** Stored records **
---------------
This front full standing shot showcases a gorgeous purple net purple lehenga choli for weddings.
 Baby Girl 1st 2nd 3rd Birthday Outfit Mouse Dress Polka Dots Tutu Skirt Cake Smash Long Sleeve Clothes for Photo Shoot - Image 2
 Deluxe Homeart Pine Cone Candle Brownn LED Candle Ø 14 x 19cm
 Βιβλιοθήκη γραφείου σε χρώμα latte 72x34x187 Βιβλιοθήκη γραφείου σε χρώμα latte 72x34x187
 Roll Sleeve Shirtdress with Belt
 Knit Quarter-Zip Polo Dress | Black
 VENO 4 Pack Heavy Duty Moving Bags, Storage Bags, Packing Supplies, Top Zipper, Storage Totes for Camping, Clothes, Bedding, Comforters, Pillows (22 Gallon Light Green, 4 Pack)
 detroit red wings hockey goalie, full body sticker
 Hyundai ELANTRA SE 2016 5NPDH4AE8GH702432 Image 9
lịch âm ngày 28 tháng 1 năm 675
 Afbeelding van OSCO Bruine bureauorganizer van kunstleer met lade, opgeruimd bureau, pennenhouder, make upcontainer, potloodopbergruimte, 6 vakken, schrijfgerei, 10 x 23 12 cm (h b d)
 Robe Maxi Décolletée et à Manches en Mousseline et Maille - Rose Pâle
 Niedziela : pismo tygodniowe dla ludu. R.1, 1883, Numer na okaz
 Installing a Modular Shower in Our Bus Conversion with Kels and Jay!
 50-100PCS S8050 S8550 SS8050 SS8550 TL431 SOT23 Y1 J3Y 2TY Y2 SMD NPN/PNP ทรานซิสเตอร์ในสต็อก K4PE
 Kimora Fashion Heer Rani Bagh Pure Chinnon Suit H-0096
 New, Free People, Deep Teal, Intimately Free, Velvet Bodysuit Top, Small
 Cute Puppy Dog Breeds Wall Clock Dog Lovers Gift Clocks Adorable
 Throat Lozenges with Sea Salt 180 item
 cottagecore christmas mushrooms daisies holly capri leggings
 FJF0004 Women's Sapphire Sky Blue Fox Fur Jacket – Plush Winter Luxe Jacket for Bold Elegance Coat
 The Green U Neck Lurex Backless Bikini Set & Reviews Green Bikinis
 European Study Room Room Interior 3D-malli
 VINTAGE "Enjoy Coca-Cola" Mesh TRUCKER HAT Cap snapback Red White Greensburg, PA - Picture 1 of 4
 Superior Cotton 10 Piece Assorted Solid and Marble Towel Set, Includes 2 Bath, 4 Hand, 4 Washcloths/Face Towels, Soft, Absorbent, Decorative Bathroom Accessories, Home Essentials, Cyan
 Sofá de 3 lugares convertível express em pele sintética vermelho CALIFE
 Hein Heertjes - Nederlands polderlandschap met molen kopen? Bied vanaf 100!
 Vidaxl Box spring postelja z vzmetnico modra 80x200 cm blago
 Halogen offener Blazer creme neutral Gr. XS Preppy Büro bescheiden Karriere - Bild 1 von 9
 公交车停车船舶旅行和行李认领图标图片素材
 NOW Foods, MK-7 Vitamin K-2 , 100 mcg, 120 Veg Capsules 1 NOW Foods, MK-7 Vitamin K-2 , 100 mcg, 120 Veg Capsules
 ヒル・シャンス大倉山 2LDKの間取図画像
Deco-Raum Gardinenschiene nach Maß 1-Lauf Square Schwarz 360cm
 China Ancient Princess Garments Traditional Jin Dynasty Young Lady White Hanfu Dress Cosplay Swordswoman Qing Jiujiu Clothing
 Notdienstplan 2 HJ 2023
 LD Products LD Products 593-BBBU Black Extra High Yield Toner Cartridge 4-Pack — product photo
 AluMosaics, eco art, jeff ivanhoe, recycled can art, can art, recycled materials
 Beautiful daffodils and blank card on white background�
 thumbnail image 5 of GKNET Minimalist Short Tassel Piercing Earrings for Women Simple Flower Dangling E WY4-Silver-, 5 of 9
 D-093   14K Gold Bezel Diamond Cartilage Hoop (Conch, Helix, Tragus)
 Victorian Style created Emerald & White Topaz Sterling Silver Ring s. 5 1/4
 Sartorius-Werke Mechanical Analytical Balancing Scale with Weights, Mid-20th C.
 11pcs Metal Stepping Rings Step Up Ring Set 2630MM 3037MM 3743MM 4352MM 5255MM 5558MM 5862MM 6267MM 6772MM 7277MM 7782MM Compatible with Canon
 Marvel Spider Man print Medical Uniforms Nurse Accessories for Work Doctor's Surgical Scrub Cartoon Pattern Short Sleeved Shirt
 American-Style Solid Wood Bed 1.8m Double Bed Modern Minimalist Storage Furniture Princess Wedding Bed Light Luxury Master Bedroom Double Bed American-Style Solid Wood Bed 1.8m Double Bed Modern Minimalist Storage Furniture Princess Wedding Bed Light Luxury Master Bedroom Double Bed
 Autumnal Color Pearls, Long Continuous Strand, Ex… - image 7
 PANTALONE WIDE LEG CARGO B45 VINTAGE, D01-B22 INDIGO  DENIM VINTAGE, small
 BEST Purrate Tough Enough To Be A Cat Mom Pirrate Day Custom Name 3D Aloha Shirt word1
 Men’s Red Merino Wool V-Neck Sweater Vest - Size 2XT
---------------
** Problem to work on **
Copy the records above, keeping each line identical.

** Answer box **
This front full standing shot showcases a gorgeous purple net purple lehenga choli for weddings.
 Baby Girl 1st 2nd 3rd Birthday Outfit Mouse Dress Polka Dots Tutu Skirt Cake Smash Long Sleeve Clothes for Photo Shoot - Image 2
 Deluxe Homeart Pine Cone Candle Brownn LED Candle Ø 14 x 19cm
 Βιβλιοθήκη γραφείου σε χρώμα latte 72x34x187 Βιβλιοθήκη γραφείου σε χρώμα latte 72x34x187
 Roll Sleeve Shirtdress with Belt
 Knit Quarter-Zip Polo Dress | Black
 VENO 4 Pack Heavy Duty Moving Bags, Storage Bags, Packing Supplies, Top Zipper, Storage Totes for Camping, Clothes, Bedding, Comforters, Pillows (22 Gallon Light Green, 4 Pack)
 detroit red wings hockey goalie, full body sticker
 Hyundai ELANTRA SE 2016 5NPDH4AE8GH702432 Image 9
lịch âm ngày 28 tháng 1 năm 675
 Afbeelding van OSCO Bruine bureauorganizer van kunstleer met lade, opgeruimd bureau, pennenhouder, make upcontainer, potloodopbergruimte, 6 vakken, schrijfgerei, 10 x 23 12 cm (h b d)
 Robe Maxi Décolletée et à Manches en Mousseline et Maille - Rose Pâle
 Niedziela : pismo tygodniowe dla ludu. R.1, 1883, Numer na okaz
 Installing a Modular Shower in Our Bus Conversion with Kels and Jay!
 50-100PCS S8050 S8550 SS8050 SS8550 TL431 SOT23 Y1 J3Y 2TY Y2 SMD NPN/PNP ทรานซิสเตอร์ในสต็อก K4PE
 Kimora Fashion Heer Rani Bagh Pure Chinnon Suit H-0096
 New, Free People, Deep Teal, Intimately Free, Velvet Bodysuit Top, Small
 Cute Puppy Dog Breeds Wall Clock Dog Lovers Gift Clocks Adorable
 Throat Lozenges with Sea Salt 180 item
 cottagecore christmas mushrooms daisies holly capri leggings
 FJF0004 Women's Sapphire Sky Blue Fox Fur Jacket – Plush Winter Luxe Jacket for Bold Elegance Coat
 The Green U Neck Lurex Backless Bikini Set & Reviews Green Bikinis
 European Study Room Room Interior 3D-malli
 VINTAGE "Enjoy Coca-Cola" Mesh TRUCKER HAT Cap snapback Red White Greensburg, PA - Picture 1 of 4
 Superior Cotton 10 Piece Assorted Solid and Marble Towel Set, Includes 2 Bath, 4 Hand, 4 Washcloths/Face Towels, Soft, Absorbent, Decorative Bathroom Accessories, Home Essentials, Cyan
 Sofá de 3 lugares convertível express em pele sintética vermelho CALIFE
 Hein Heertjes - Nederlands polderlandschap met molen kopen? Bied vanaf 100!
 Vidaxl Box spring postelja z vzmetnico modra 80x200 cm blago
 Halogen offener Blazer creme neutral Gr. XS Preppy Büro bescheiden Karriere - Bild 1 von 9
 公交车停车船舶旅行和行李认领图标图片素材
 NOW Foods, MK-7 Vitamin K-2 , 100 mcg, 120 Veg Capsules 1 NOW Foods, MK-7 Vitamin K-2 , 100 mcg, 120 Veg Capsules
 ヒル・シャンス大倉山 2LDKの間取図画像
Deco-Raum Gardinenschiene nach Maß 1-Lauf Square Schwarz 360cm
 China Ancient Princess Garments Traditional Jin Dynasty Young Lady White Hanfu Dress Cosplay Swordswoman Qing Jiujiu Clothing
 Notdienstplan 2 HJ 2023
 LD Products LD Products 593-BBBU Black Extra High Yield Toner Cartridge 4-Pack — product photo
 AluMosaics, eco art, jeff ivanhoe, recycled can art, can art, recycled materials
 Beautiful daffodils and blank card on white background�
 thumbnail image 5 of GKNET Minimalist Short Tassel Piercing Earrings for Women Simple Flower Dangling E WY4-Silver-, 5 of 9
 D-093   14K Gold Bezel Diamond Cartilage Hoop (Conch, Helix, Tragus)
 Victorian Style created Emerald & White Topaz Sterling Silver Ring s. 5 1/4
 Sartorius-Werke Mechanical Analytical Balancing Scale with Weights, Mid-20th C.
 11pcs Metal Stepping Rings Step Up Ring Set 2630MM 3037MM 3743MM 4352MM 5255MM 5558MM 5862MM 6267MM 6772MM 7277MM 7782MM Compatible with Canon
 Marvel Spider Man print Medical Uniforms Nurse Accessories for Work Doctor's Surgical Scrub Cartoon Pattern Short Sleeved Shirt
 American-Style Solid Wood Bed 1.8m Double Bed Modern Minimalist Storage Furniture Princess Wedding Bed Light Luxury Master Bedroom Double Bed American-Style Solid Wood Bed 1.8m Double Bed Modern Minimalist Storage Furniture Princess Wedding Bed Light Luxury Master Bedroom Double Bed
 Autumnal Color Pearls, Long Continuous Strand, Ex… - image 7
 PANTALONE WIDE LEG CARGO B45 VINTAGE, D01-B22 INDIGO  DENIM VINTAGE, small
 BEST Purrate Tough Enough To Be A Cat Mom Pirrate Day Custom Name 3D Aloha Shirt word1
 Men’s Red Merino Wool V-Neck Sweater Vest - Size 2XT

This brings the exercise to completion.